BRIEF DESCRIPTION OF FIGURES
[0008] FIGS. 1 and 2 are illustrations of fracturing treatments
within a formation fracture in accordance with embodiments of the
present disclosure;
[0009] FIG. 3 is an illustration of the delivery of a treatment
fluid pumping sequence into a fractured wellbore interval in
accordance with embodiments of the present disclosure;
[0010] FIG. 4 is an illustration of the delivery of a treatment
fluid pumping sequence into a fractured wellbore interval in
accordance with embodiments of the present disclosure; and
[0011] FIGS. 5 and 6 are illustrations showing the response of
polymeric proppants in accordance with the present disclosure in
response to closure stress within a formation fracture.
DETAILED DESCRIPTION
[0012] The particulars shown herein are by way of example and for
purposes of illustrative discussion of the examples of the subject
disclosure only and are presented in the cause of providing what is
believed to be the most useful and readily understood description
of the principles and conceptual aspects of the subject disclosure.
In this regard, no attempt is made to show structural details in
more detail than is necessary, the description taken with the
drawings making apparent to those skilled in the art how the
several forms of the subject disclosure may be embodied in
practice. Furthermore, like reference numbers and designations in
the various drawings indicate like elements.

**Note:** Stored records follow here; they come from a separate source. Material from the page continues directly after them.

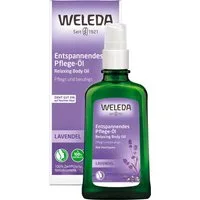 WELEDA Körperöl ENTSPANNENDES PFLEGE-ÖL LAVENDEL, mit Lavendelöl, ideal für eine ausgleichende Massage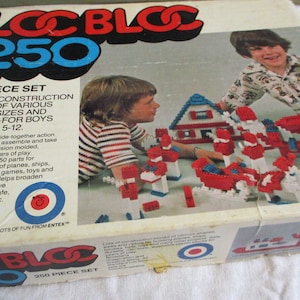 Extex Plastic Colored Loc Blocks Vintage set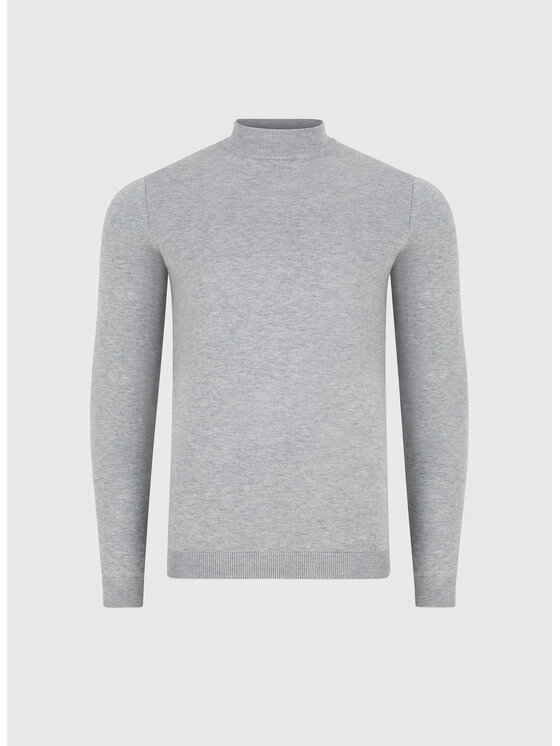 Pako Lorente Pako Lorente Sweter P25WF-2X-002 Szary Classic Fit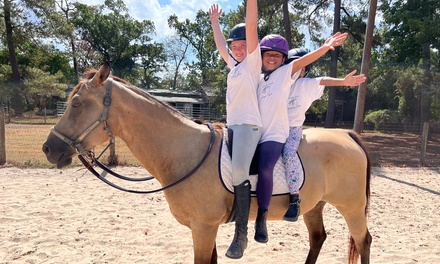 July 7-july 10  Youth summer HEARTS & HOOFS HORSE CAMP REGISTRATION FOR ONE - Sneak Away Riding Club - Cypress, TX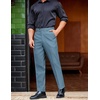 image:imageCOOFANDY Mens Classic Casual Dress Pants Expandable Waist Suit Pant Slim Fit Flat Front SlacksDenim Blue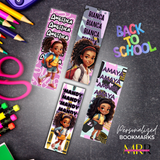 'Bookworm Essential' Personalized Kids Bookmark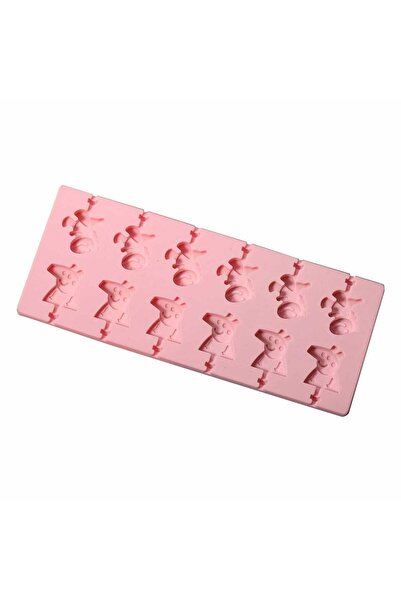 Floopy Forma silicon 12 cavitati, Peppa Pig si Dinozauri pentru Acadele din c...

[0013] Embodiments of the present disclosure are directed to the
use of polymeric proppants having controlled mechanical properties
and densities. Polymeric proppants in accordance with the present
disclosure may be used in wellbore applications and fracturing
operations as additives that prop open natural and existing
fractures, and may function as fluid loss control materials in some
embodiments. In some embodiments, polymeric proppants may be added
during the pad stage, to prop any initiated fracture networks and
improve fracture conductivity within a reservoir, including
unconventional reservoirs such as shales.

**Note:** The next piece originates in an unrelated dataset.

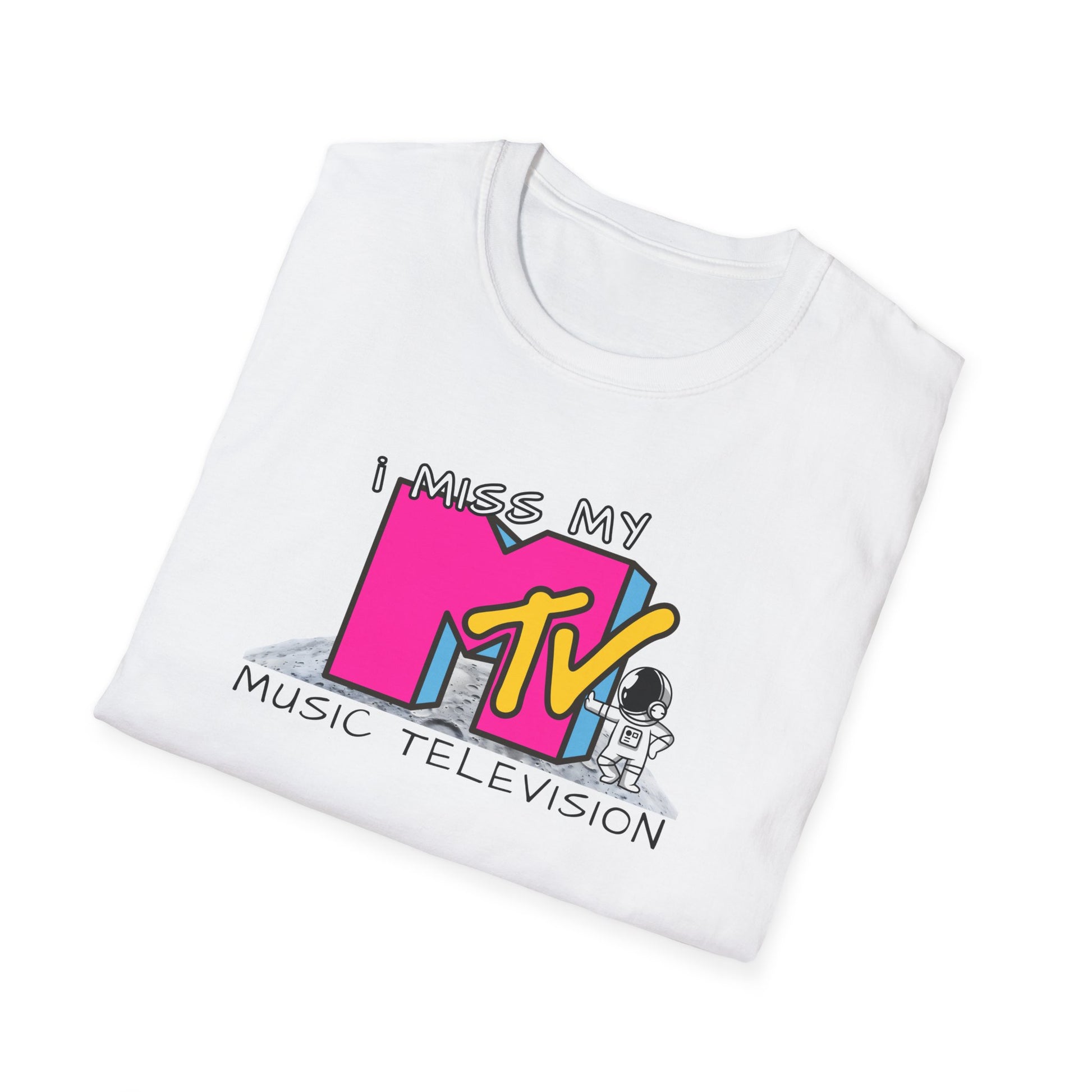 I Miss My MTV T-Shirt | Retro 80s MTV Logo Music Television Tee - NautiCurl LLC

[0014] In some embodiments, polymeric proppants in accordance with
the present disclosure may modify fluid conductivity in induced
fractures, be used as a component of an initiation pad, and be used
to treat regions of the formation where finer fractures may render
proppant delivery more difficult. Methods of the present disclosure
may be employed at any stage of the formation fracturing process
and may be used to stabilize the entire fracture network, including
natural and pre-existing fractures and induced hydraulic fractures.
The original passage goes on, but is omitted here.